Friday, March 13, 2015

Movie Review: The Imitation Game

Nominated for film of the year, many recently-made fans grumbling its failure to win, newspapers and magazines flaring up with endless praise, I’m sure everyone has heard of The Imitation Game. This world war two thriller tells the story of the historical hero, Alan Turing, and it seems about time that he gets the attention he deserves. Stripped from its history and themes, The Imitation Game delights, thrills, and ultimately succeeds to seize the attention of movie-goers. However, as we remember the purpose of historical stories, or stories in general, it loses quite a bit of its value.

Now, I refuse to fling out anything captious towards this film before I crown it with the respect it deserves, for The Imitation Game succeeded in many aspects. Reasonably I can assume that most people have noticed the hideous trap most thrillers fall into of shallow characters, poor acting, cliché plotting, and most other elements, all for the sake of thrills. Imitation Game rises above these failures and demonstrates that films with depth are more memorable. And peeling them back layer by layer, the film truly fleshes out its characters and paints them complicated and believable. The acting is superb, the filming is excellent, and the writers turned up the suspense to a maximum.

However, it does waste some time on backstory. These scenes seem unimportant. We have no need to know the history of why Turing is the way he is, but merely that he is the way he is. In many films, backstory slips smoothly into the plot and serves as another way to provide information about a character.
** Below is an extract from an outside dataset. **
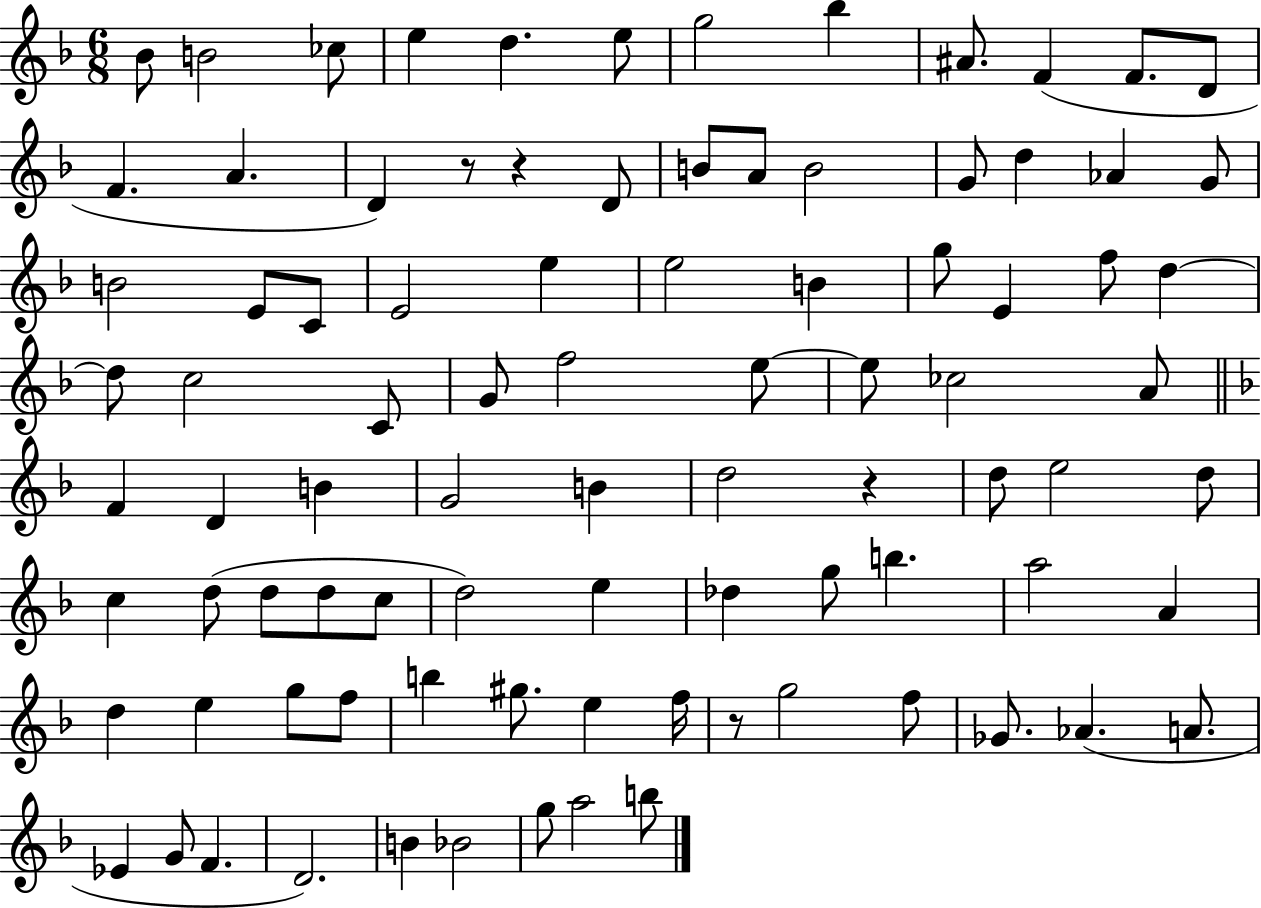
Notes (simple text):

Bb4/e B4/h CES5/e E5/q D5/q. E5/e G5/h Bb5/q A#4/e. F4/q F4/e. D4/e F4/q. A4/q. D4/q R/e R/q D4/e B4/e A4/e B4/h G4/e D5/q Ab4/q G4/e B4/h E4/e C4/e E4/h E5/q E5/h B4/q G5/e E4/q F5/e D5/q D5/e C5/h C4/e G4/e F5/h E5/e E5/e CES5/h A4/e F4/q D4/q B4/q G4/h B4/q D5/h R/q D5/e E5/h D5/e C5/q D5/e D5/e D5/e C5/e D5/h E5/q Db5/q G5/e B5/q. A5/h A4/q D5/q E5/q G5/e F5/e B5/q G#5/e. E5/q F5/s R/e G5/h F5/e Gb4/e. Ab4/q. A4/e. Eb4/q G4/e F4/q. D4/h. B4/q Bb4/h G5/e A5/h B5/e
But as we watch Turing try to win the war, the scenes already flesh out all of the necessary information; there is no need to clarify characteristics already made clear, especially when it disrupts the film’s primary plot. Also, in the end, the entire plot shifts from winning a war to overcoming gay-rejection; I have no issue with plot twists, but a plot twist can seem silly when the twisted plot only lasts for the last ten minutes and shares no organic unity with the rest of the film. However, viewers can easily ignore these faults, for the rest of the film is wonderful.
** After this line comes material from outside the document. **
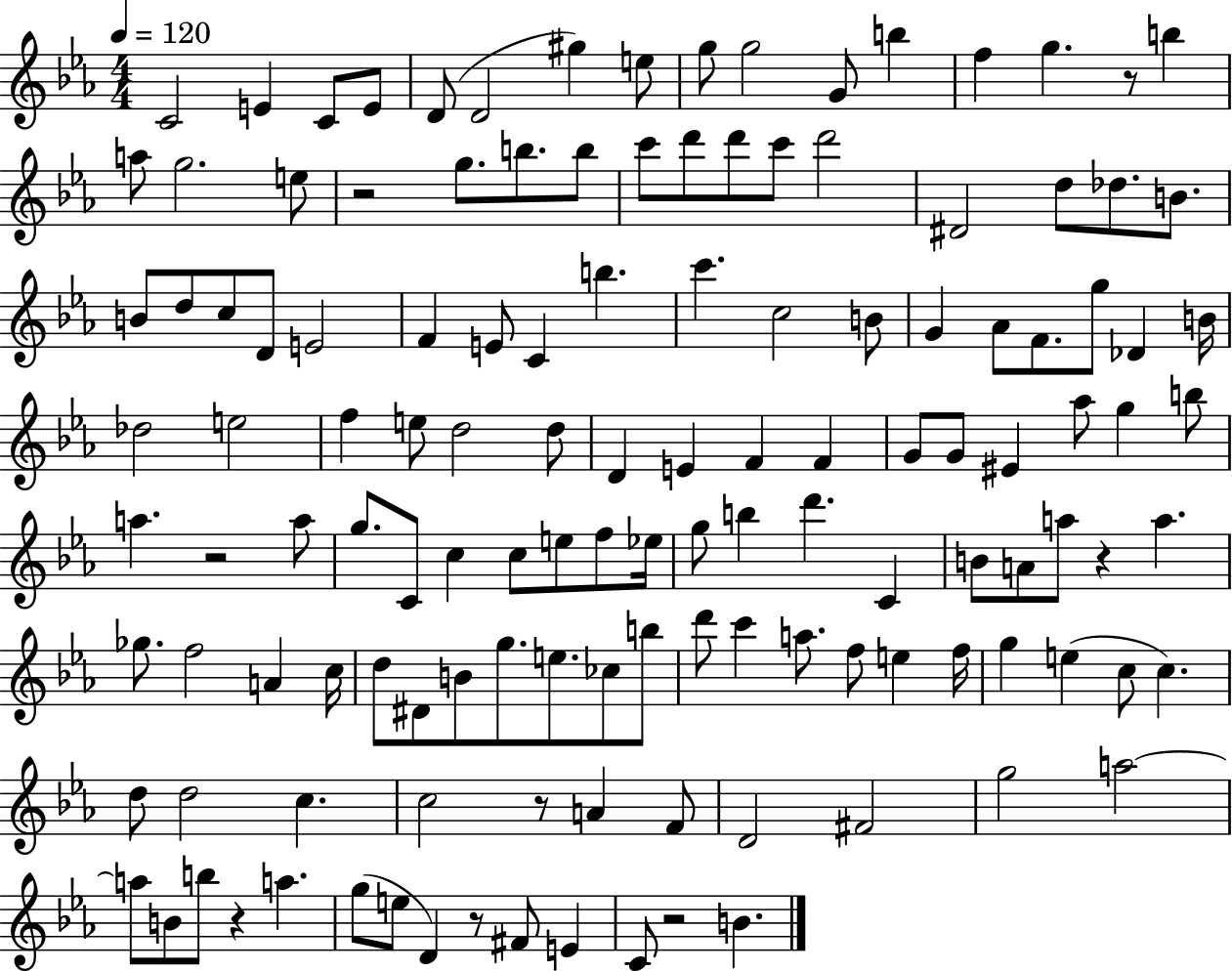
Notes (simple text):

C4/h E4/q C4/e E4/e D4/e D4/h G#5/q E5/e G5/e G5/h G4/e B5/q F5/q G5/q. R/e B5/q A5/e G5/h. E5/e R/h G5/e. B5/e. B5/e C6/e D6/e D6/e C6/e D6/h D#4/h D5/e Db5/e. B4/e. B4/e D5/e C5/e D4/e E4/h F4/q E4/e C4/q B5/q. C6/q. C5/h B4/e G4/q Ab4/e F4/e. G5/e Db4/q B4/s Db5/h E5/h F5/q E5/e D5/h D5/e D4/q E4/q F4/q F4/q G4/e G4/e EIS4/q Ab5/e G5/q B5/e A5/q. R/h A5/e G5/e. C4/e C5/q C5/e E5/e F5/e Eb5/s G5/e B5/q D6/q. C4/q B4/e A4/e A5/e R/q A5/q. Gb5/e. F5/h A4/q C5/s D5/e D#4/e B4/e G5/e. E5/e. CES5/e B5/e D6/e C6/q A5/e. F5/e E5/q F5/s G5/q E5/q C5/e C5/q. D5/e D5/h C5/q. C5/h R/e A4/q F4/e D4/h F#4/h G5/h A5/h A5/e B4/e B5/e R/q A5/q. G5/e E5/e D4/q R/e F#4/e E4/q C4/e R/h B4/q.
The Imitation game is a true story, and when I watch a true story, I always make sure to read up on the history after my viewing. Everything seemed rather believable in the film, and so I found myself aggravated when I read up on what really occurred in the tale of Alan Turing. The film paints him as an almost Spock-like character, rather clueless of social clues and not very likeable. He seemed like a genius who would much rather save the world on his own than have to work along-side others. After my research, I found out that the real Turing happily and willingly worked with his co-workers, he was a very nice man, and most people loved him. His team was a very tight unit; they worked with Turing because they liked him, not because they were forced to. This means that the film of Turing’s life completely changed his personality, assumedly for the sake of a “quirky” character, as is the trend these days.

Also, the film never clearly states when Turing died, but it informs the audience that Turing died at the age of 41 in direct response to the claims of him struggling to cope with the sex hormones he was taking. However, nobody quite knows how or why Turing died; in fact, many believe that it was an accident, and present a very good argument of why – you can read up on it if you would like to know. Turing did not die until a year after the trial, and so the likelihood of the death responding to the hormones seems low.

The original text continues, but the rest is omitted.